◆ Work task
The range runs from the line containing "12th FINA World" to the last line of the entries. Copy that range exactly, omitting pictures.

==== Supplied material ====

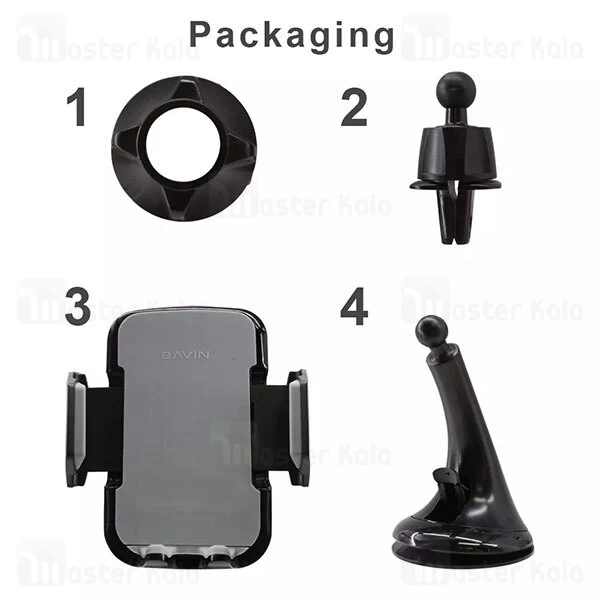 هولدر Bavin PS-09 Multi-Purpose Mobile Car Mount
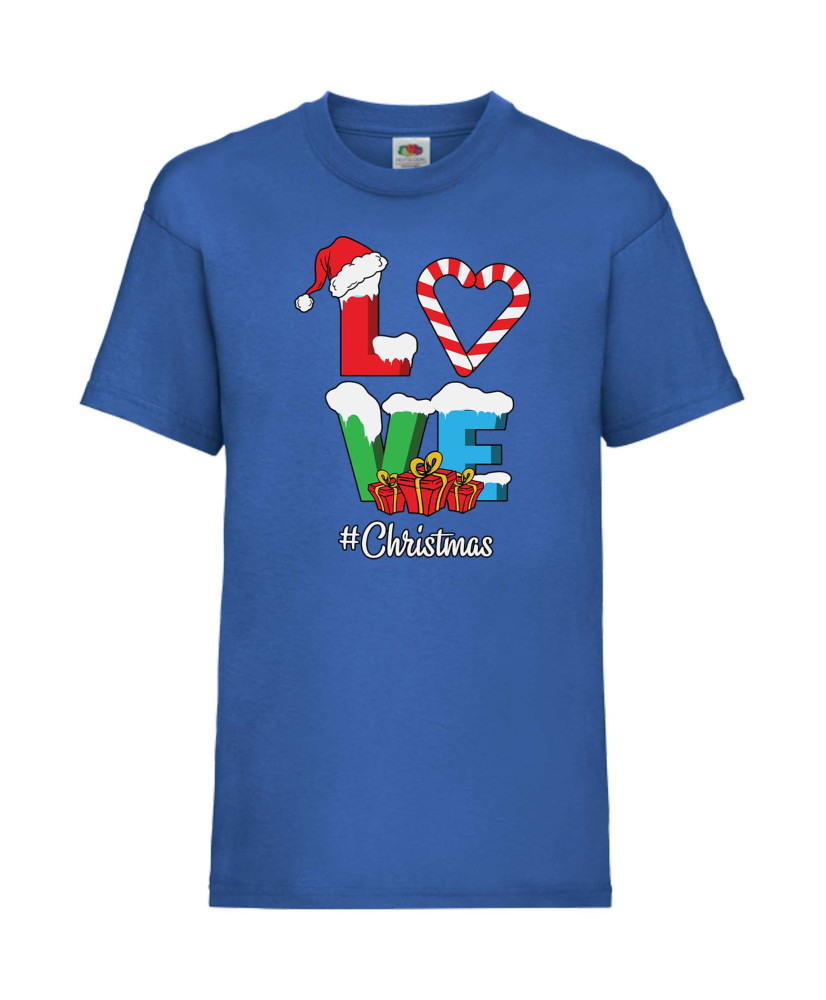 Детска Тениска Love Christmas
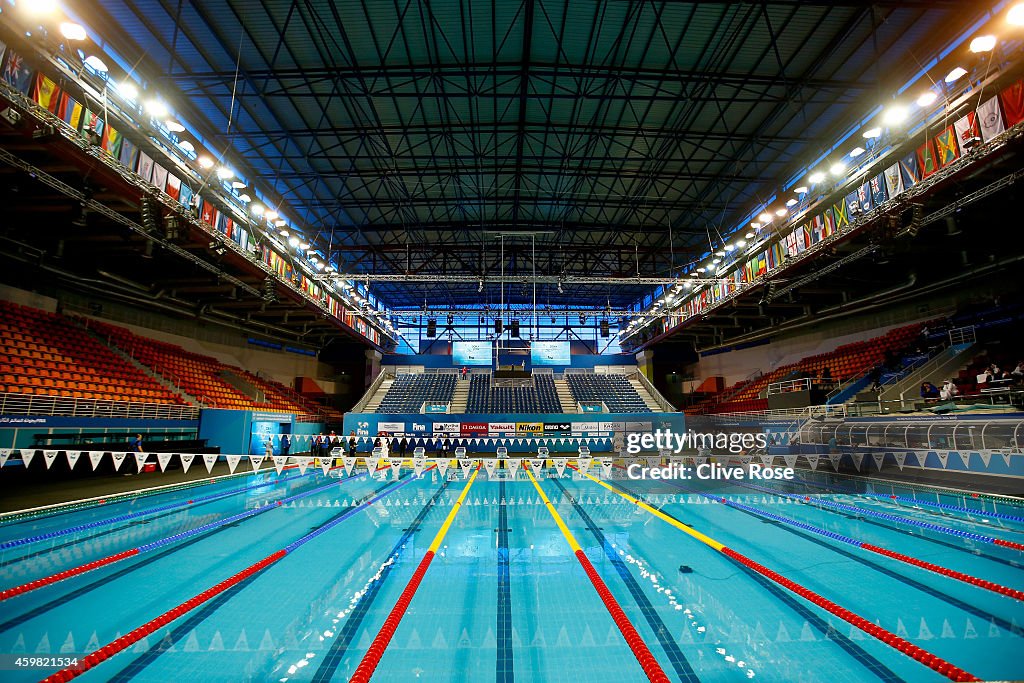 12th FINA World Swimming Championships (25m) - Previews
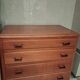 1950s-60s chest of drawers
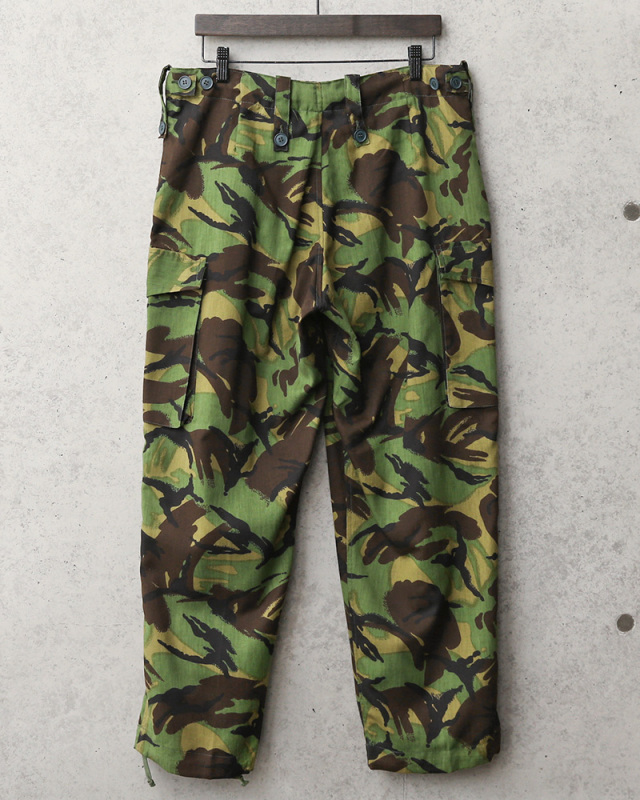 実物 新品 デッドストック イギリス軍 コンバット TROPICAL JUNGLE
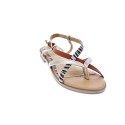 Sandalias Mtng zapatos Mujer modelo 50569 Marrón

====

◆ Task response
 12th FINA World Swimming Championships (25m) - Previews
 1950s-60s chest of drawers
 実物 新品 デッドストック イギリス軍 コンバット TROPICAL JUNGLE
 Sandalias Mtng zapatos Mujer modelo 50569 Marrón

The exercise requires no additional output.